Reproduce all entries precisely as they are written.

**** DATA PROVIDED

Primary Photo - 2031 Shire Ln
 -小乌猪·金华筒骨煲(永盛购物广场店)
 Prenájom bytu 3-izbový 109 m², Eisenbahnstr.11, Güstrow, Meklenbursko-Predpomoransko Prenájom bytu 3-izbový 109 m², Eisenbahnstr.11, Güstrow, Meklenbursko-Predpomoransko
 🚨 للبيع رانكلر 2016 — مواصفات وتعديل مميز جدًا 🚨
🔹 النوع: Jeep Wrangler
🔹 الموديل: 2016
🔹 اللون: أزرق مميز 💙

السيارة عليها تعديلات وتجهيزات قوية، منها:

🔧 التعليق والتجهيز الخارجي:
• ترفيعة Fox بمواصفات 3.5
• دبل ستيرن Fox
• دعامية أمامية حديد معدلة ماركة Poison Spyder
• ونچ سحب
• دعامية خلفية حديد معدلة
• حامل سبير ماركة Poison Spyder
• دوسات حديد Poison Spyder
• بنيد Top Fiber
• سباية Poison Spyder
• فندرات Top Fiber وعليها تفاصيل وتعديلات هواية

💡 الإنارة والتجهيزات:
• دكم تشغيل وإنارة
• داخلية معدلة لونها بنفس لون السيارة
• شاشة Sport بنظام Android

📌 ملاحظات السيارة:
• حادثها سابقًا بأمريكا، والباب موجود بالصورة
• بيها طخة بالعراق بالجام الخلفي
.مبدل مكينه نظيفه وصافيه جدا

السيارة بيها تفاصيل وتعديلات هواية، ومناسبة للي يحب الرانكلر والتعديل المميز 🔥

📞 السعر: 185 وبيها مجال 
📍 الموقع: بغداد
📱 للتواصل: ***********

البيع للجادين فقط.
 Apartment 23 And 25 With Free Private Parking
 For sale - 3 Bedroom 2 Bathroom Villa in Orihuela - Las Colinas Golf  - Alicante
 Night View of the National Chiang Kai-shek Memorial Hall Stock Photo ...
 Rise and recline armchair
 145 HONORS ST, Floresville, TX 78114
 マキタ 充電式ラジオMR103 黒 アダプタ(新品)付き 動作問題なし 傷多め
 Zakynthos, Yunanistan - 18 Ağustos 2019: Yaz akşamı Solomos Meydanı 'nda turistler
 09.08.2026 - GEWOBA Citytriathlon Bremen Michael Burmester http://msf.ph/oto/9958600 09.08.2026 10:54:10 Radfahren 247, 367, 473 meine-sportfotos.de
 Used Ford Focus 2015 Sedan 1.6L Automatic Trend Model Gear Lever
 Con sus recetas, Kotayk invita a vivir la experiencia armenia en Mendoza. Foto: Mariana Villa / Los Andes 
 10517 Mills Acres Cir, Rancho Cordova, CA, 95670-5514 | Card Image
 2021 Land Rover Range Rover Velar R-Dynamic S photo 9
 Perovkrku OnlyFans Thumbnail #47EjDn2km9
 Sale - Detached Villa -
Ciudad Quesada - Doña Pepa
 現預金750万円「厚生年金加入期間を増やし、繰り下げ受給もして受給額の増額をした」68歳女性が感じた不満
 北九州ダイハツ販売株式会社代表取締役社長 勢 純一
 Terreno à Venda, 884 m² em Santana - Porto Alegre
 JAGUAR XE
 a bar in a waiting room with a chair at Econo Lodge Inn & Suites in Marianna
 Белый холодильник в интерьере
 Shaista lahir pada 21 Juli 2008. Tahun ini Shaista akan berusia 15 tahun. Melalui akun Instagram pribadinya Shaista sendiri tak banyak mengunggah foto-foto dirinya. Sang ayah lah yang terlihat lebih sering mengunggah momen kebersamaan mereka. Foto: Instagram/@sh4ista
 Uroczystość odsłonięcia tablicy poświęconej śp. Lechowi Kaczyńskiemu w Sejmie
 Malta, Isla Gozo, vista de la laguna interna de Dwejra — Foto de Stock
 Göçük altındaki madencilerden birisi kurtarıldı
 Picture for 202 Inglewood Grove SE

********

◆ **RESULT OF THE EXERCISE**
Primary Photo - 2031 Shire Ln
 -小乌猪·金华筒骨煲(永盛购物广场店)
 Prenájom bytu 3-izbový 109 m², Eisenbahnstr.11, Güstrow, Meklenbursko-Predpomoransko Prenájom bytu 3-izbový 109 m², Eisenbahnstr.11, Güstrow, Meklenbursko-Predpomoransko
 🚨 للبيع رانكلر 2016 — مواصفات وتعديل مميز جدًا 🚨
🔹 النوع: Jeep Wrangler
🔹 الموديل: 2016
🔹 اللون: أزرق مميز 💙

السيارة عليها تعديلات وتجهيزات قوية، منها:

🔧 التعليق والتجهيز الخارجي:
• ترفيعة Fox بمواصفات 3.5
• دبل ستيرن Fox
• دعامية أمامية حديد معدلة ماركة Poison Spyder
• ونچ سحب
• دعامية خلفية حديد معدلة
• حامل سبير ماركة Poison Spyder
• دوسات حديد Poison Spyder
• بنيد Top Fiber
• سباية Poison Spyder
• فندرات Top Fiber وعليها تفاصيل وتعديلات هواية

💡 الإنارة والتجهيزات:
• دكم تشغيل وإنارة
• داخلية معدلة لونها بنفس لون السيارة
• شاشة Sport بنظام Android

📌 ملاحظات السيارة:
• حادثها سابقًا بأمريكا، والباب موجود بالصورة
• بيها طخة بالعراق بالجام الخلفي
.مبدل مكينه نظيفه وصافيه جدا

السيارة بيها تفاصيل وتعديلات هواية، ومناسبة للي يحب الرانكلر والتعديل المميز 🔥

📞 السعر: 185 وبيها مجال 
📍 الموقع: بغداد
📱 للتواصل: ***********

البيع للجادين فقط.
 Apartment 23 And 25 With Free Private Parking
 For sale - 3 Bedroom 2 Bathroom Villa in Orihuela - Las Colinas Golf  - Alicante
 Night View of the National Chiang Kai-shek Memorial Hall Stock Photo ...
 Rise and recline armchair
 145 HONORS ST, Floresville, TX 78114
 マキタ 充電式ラジオMR103 黒 アダプタ(新品)付き 動作問題なし 傷多め
 Zakynthos, Yunanistan - 18 Ağustos 2019: Yaz akşamı Solomos Meydanı 'nda turistler
 09.08.2026 - GEWOBA Citytriathlon Bremen Michael Burmester http://msf.ph/oto/9958600 09.08.2026 10:54:10 Radfahren 247, 367, 473 meine-sportfotos.de
 Used Ford Focus 2015 Sedan 1.6L Automatic Trend Model Gear Lever
 Con sus recetas, Kotayk invita a vivir la experiencia armenia en Mendoza. Foto: Mariana Villa / Los Andes 
 10517 Mills Acres Cir, Rancho Cordova, CA, 95670-5514 | Card Image
 2021 Land Rover Range Rover Velar R-Dynamic S photo 9
 Perovkrku OnlyFans Thumbnail #47EjDn2km9
 Sale - Detached Villa -
Ciudad Quesada - Doña Pepa
 現預金750万円「厚生年金加入期間を増やし、繰り下げ受給もして受給額の増額をした」68歳女性が感じた不満
 北九州ダイハツ販売株式会社代表取締役社長 勢 純一
 Terreno à Venda, 884 m² em Santana - Porto Alegre
 JAGUAR XE
 a bar in a waiting room with a chair at Econo Lodge Inn & Suites in Marianna
 Белый холодильник в интерьере
 Shaista lahir pada 21 Juli 2008. Tahun ini Shaista akan berusia 15 tahun. Melalui akun Instagram pribadinya Shaista sendiri tak banyak mengunggah foto-foto dirinya. Sang ayah lah yang terlihat lebih sering mengunggah momen kebersamaan mereka. Foto: Instagram/@sh4ista
 Uroczystość odsłonięcia tablicy poświęconej śp. Lechowi Kaczyńskiemu w Sejmie
 Malta, Isla Gozo, vista de la laguna interna de Dwejra — Foto de Stock
 Göçük altındaki madencilerden birisi kurtarıldı
 Picture for 202 Inglewood Grove SE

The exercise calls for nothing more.